Dominasi petikan gitar, perkusi,
serta alat musik etnik ini meski sepi publikasi namun tetap setia mengayun
berbagai persoalan yang tengah mendera di negeri ini.
“Bumi tak lagi ramah, bumi tak lagi
tersenyum. Bumi menjerit namun tak bersuara. Ku bersedih menatap wajah bumi
yang semakin pucat dan tak terobati”. Petikan gitar akustik Arief Setiawan
terasa menyayat hati.
Arief yang jauh-jauh datang dari
Pare-pare, Sulawesi Selatan ke kota
Jakarta untuk meramaikan pentas “Balada Sepanjang Masa”. “Keindahan alam yang
terbentang luas,semua menjadi berubah ketika manusia berulah” begitulah ketika
Arief bercerita. Lagu berjudul “Wajah Bumi” ini lirik dan lagunya digubah oleh
Arief sendiri.
Jodhi Yudono, musisi balada dari
Jakarta ini juga menyuarakan tentang kepedihannya atas mata air yang hilang.

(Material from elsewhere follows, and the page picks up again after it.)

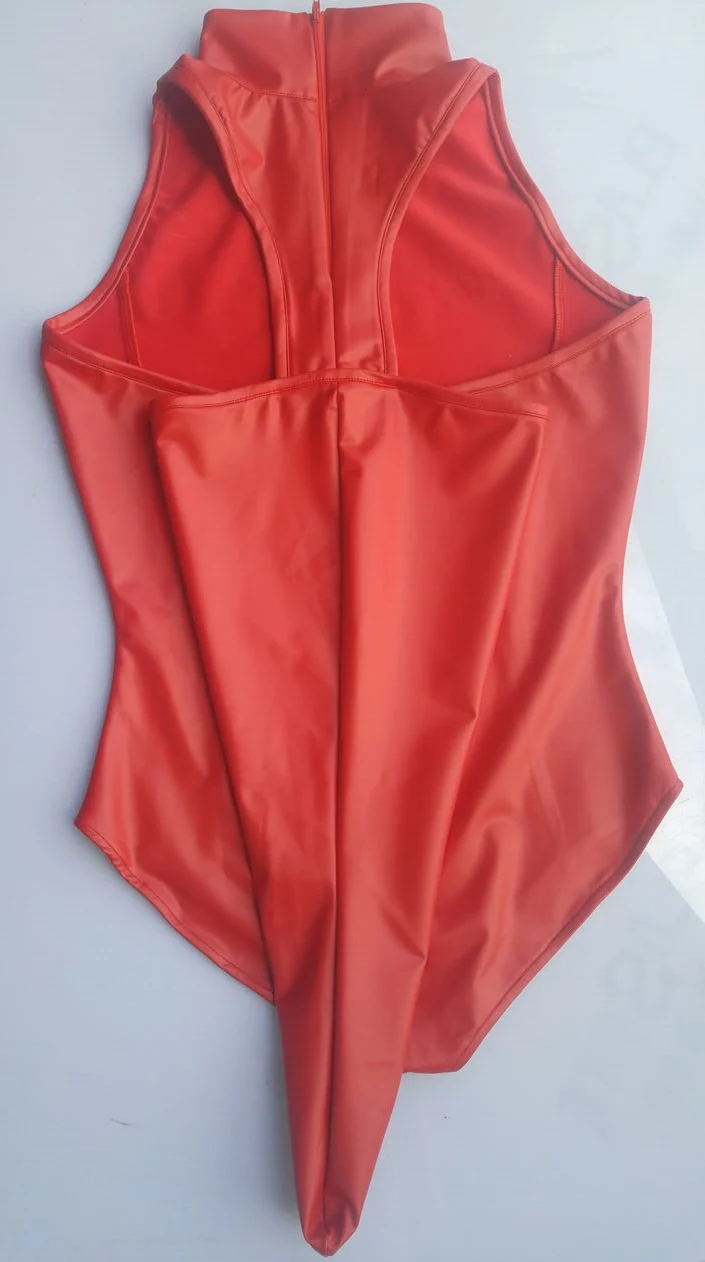 COSPLAY Latex Maid High Cut Bodysuit High Neck Halter Body Wear One Piece Swimwear Body Suit Catsuit Sexy Wear Erotic Lingerie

“Saya berpikir, orang nantinya berperang bukan karena masalah ideologi atau
agama, melainkan berperang karena rebutan mata air” selanya.
Pentas Balada digagas musisi senior
Ully Hary Rusady yang bermain di jalur musik balada selama 36 tahun ini
menggagas dibentuknya Rumah Balada Indonesia (RBI) 2 tahun lalu.

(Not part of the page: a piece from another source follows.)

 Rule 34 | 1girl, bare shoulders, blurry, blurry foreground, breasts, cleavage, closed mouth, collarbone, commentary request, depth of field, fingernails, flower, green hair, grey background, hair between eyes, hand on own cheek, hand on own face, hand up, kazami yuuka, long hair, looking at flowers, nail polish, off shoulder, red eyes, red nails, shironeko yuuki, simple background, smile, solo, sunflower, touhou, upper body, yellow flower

“Kami ingin menggulirkan rasa cinta
terhadap Tanah Air dan membentuk manusia yang memiliki kepedulian sosial. Hal
itu mesti diwujudkan dengan tidak merusak bumi dan kehidupan didalamnya” ujar
Ully.
Ully yang menulis dan menyanyikan
lagu berjudul “Balada Jati Gede” tersebut, sebagai bentuk kepeduliannya
terhadap pembangungan Waduk Jati Gede yang tidak peduli terhadap keberadaan
situs bersejarah Kerajaan Sumedang Larang di Sumedang, Jawa Barat. Ada 25 situs
siap ditenggelamkan Waduk Jati Gede sebelum para aktivis turun gunung untuk
menyelamatkannya. Jati Gede menjadi penanda lumpuhnya Undang-Undang Nomor 11 Tahun
2010 tentang Cagar Budaya.
Ia pun mengajak murid-muridnya dari
sekolah, Vini, Vidi, Vici untuk ikut berpentas. Tema yang diusung pentas
“Balada Sepanjang Masa” ini adalah persoalan mata air.
Di sela-sela pentas, Ully
menarasikan betapa parahnya kerusakan yang dialami oleh mata air kita. Mata air
juga hilang seiring dengan rusaknya kawasan pegunungan dan bukit-bukit kapur.
Dengan pentas di malam itu, para
musisi balada seolah ingin berteriak lantang bahwa mereka masih ada dan siap
bertindak demi menyelamatkan kehidupan.